(TASK PROMPT) Reproduce the whole listing exactly, omitting any picture it holds.

= = = =

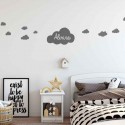 Vinilos nubes personalizadas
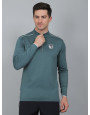 SELECT FULLSLEEVE POLO ZIPPER T-SHIRT JASPER FOR MEN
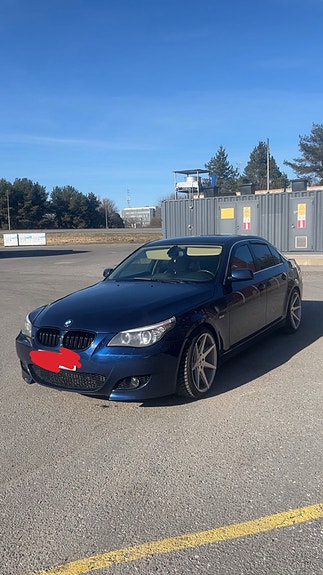 Purku e60 530d lci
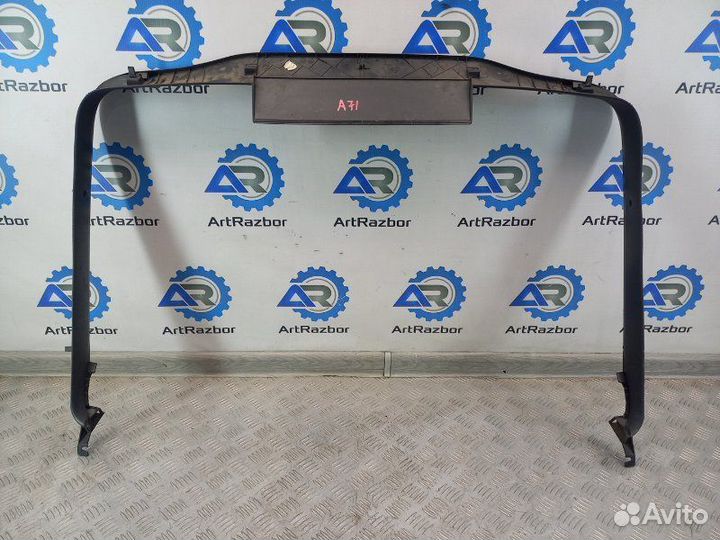 Обшивка крышки багажника Skoda Octavia A5 1.6 BSE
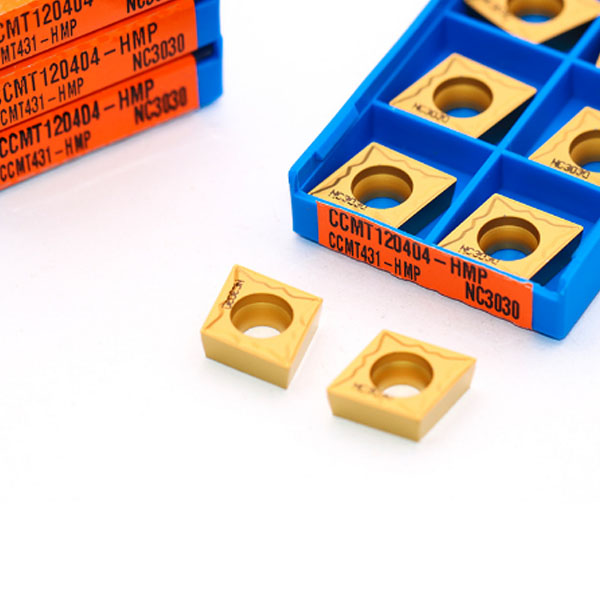 Korloy Coating Steel Inserts for Cutting Ccmt120404-Hmp Nc3030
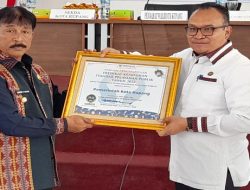 Pemkot Kupang Terima Penghargaan dari Ombudsman RI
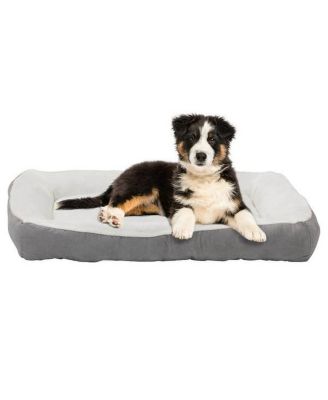 HappyCare Tex Rectangle Bumper Bolster Cat & Dog Bed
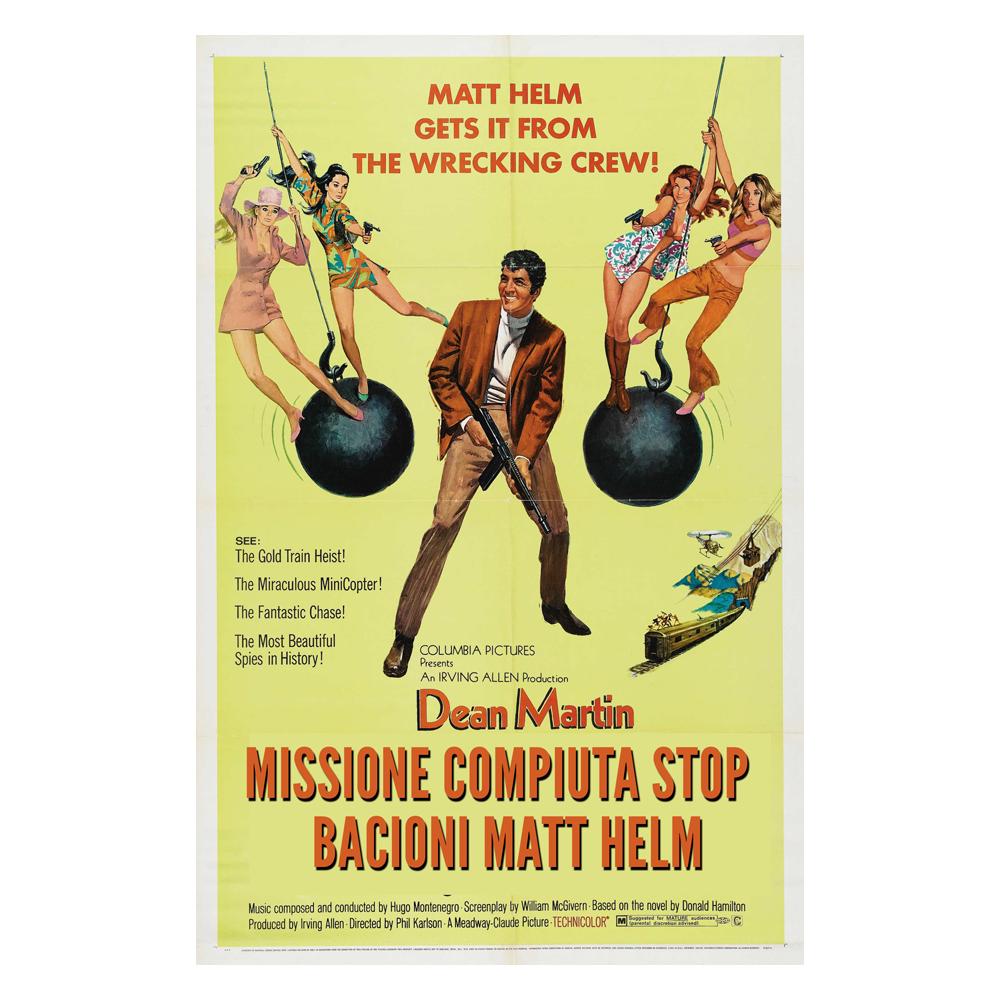 Missione Compiuta, Stop, Bacioni Matt Helm - Foto 1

= = = =

(EXERCISE OUTPUT)
 Vinilos nubes personalizadas
 SELECT FULLSLEEVE POLO ZIPPER T-SHIRT JASPER FOR MEN
 Purku e60 530d lci
 Обшивка крышки багажника Skoda Octavia A5 1.6 BSE
 Korloy Coating Steel Inserts for Cutting Ccmt120404-Hmp Nc3030
 Pemkot Kupang Terima Penghargaan dari Ombudsman RI
 HappyCare Tex Rectangle Bumper Bolster Cat & Dog Bed
 Missione Compiuta, Stop, Bacioni Matt Helm - Foto 1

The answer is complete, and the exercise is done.